*Work request*.
Please copy out the listing below in full and exactly.

** Opening Supplied records block **

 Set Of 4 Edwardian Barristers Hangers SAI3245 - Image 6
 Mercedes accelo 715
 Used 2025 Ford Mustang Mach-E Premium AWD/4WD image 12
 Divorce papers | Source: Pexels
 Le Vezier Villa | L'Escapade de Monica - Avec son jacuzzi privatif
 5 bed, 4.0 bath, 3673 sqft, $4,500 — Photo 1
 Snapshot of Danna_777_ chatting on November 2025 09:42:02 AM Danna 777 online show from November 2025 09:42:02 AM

** Closing Supplied records block **

*Task result*.
 Set Of 4 Edwardian Barristers Hangers SAI3245 - Image 6
 Mercedes accelo 715
 Used 2025 Ford Mustang Mach-E Premium AWD/4WD image 12
 Divorce papers | Source: Pexels
 Le Vezier Villa | L'Escapade de Monica - Avec son jacuzzi privatif
 5 bed, 4.0 bath, 3673 sqft, $4,500 — Photo 1
 Snapshot of Danna_777_ chatting on November 2025 09:42:02 AM Danna 777 online show from November 2025 09:42:02 AM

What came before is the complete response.